Обратимость миметического отношения между искусством и реальностью не раз тематизировалась искусством символизма – в том числе пикториалистами, например, Эдвардом Стайхеном в известном портрете Родена, предстающего в окружении своих скульптур. При этом идея, согласно которой субъективный образ мира есть единственный доступный нам мир, а материальные вещи суть символы идеального, закономерным образом вела символизм (главную эстетическую идеологию эпохи пикториальной фотографии) к утверждению автономной реальности искусства. Эта реальность обнаруживает себя на уровне общих условий художественной репрезентации – специфичных для каждого вида искусства. В случае живописи это форма картинного носителя – плоского, ограниченного собственной рамой. Вместо того чтобы маскировать имманентные параметры этого носителя, навязывая ему изначально не свойственные качества (в частности иллюзию третьего измерения), необходимо сохранить их в произведении, понимаемом как производное от этих параметров. Морис Дени одним из первых сформулировал этот принцип, напомнив, что «прежде, чем стать боевым конем, обнаженной женщиной или каким-либо сюжетом, картина представляет собой плоскую поверхность, покрытую красками»10. Тематизировать в искусстве его медиум – таков магистральный путь модернизма начала XX века. И фотография, в той в степени, в какой она стремилась стать носительницей художественного опыта и превзойти ограниченные пределы той сферы компетенции, которая была отведена ей эстетикой XIX столетия («служанка науки и искусства», по определению Бодлера), не могла остаться в стороне от этого пути.

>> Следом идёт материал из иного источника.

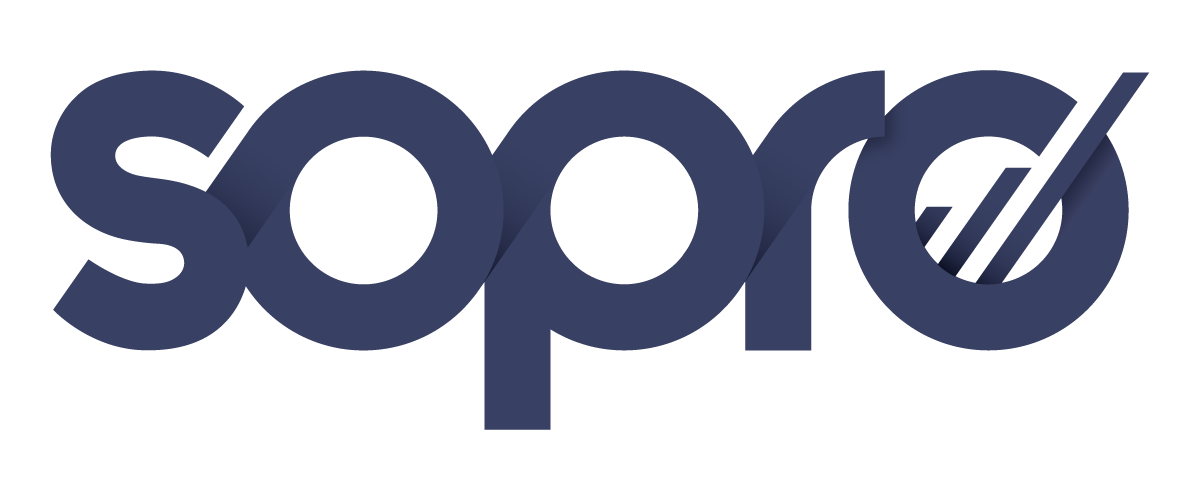Sopro logo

Это значит, что фотография опять же приравнивалась к картине – но с учетом того, как изменилось само понятие «картины». Можно заметить, что это понятие стало гораздо более широким: оно уже не опиралось на какие-то особенные приемы изобразительности или изобразительность как таковую11. Отныне картина понималась как определенным образом дифференцированная плоскость. Под такое определение подпадает гораздо большее количество объектов, чем когда-либо ранее, и фотография – один из них. В то же время подобная широта мышления сочетается в модернизме с предпочтением, отдаваемым картинам вполне определенного рода – а именно таким, которые откровенно заявляют о своей плоскостности и отбрасывают как балласт все, что противоречит этой фундаментальной истине. Таким образом, модернизм, с одной стороны, открывает дорогу для переоценки фотографии, ее интеграции в художественный контекст как полноценного средства репрезентации, но, с другой стороны, по-прежнему испытывает к ней недоверие, в силу того, что фотография не соответствует идее «идеальной картины», в ней есть нечто такое, что препятствует рефлексии по поводу медиальных средств. Реализовать эту рефлексию можно лишь ценой адаптации фотографии к требованиям, предъявляемым эстетикой модернизма.


3


В классической статье Ролана Барта «Воображение знака» выделяются три типа отношений, присущих любому знаку. Отношение первого плана носит «глубинный характер»: оно связывает означающее с означаемым, или форму с содержанием. Отношения двух других типов – внешние. Одно из них Барт определяет как виртуальное, или парадигматическое (связь знака с неким множеством других знаков, «откуда он извлекается для включения в речь»), второе же как актуальное, или синтагматическое («оно присоединяет знак к другим знакам высказывания»). При этом, замечает Барт, имея дело со знаками, мы неизбежно делаем акцент на одном из перечисленных измерений: знак интересует нас либо с точки зрения его значения, либо с точки зрения его принадлежности к определенной парадигме, которую мы пытаемся реконструировать, либо с точки зрения места, отводимого ему в рамках синтагмы. Выбор между тем или иным измерением знака предопределяет определенный тип «семиологического сознания»12.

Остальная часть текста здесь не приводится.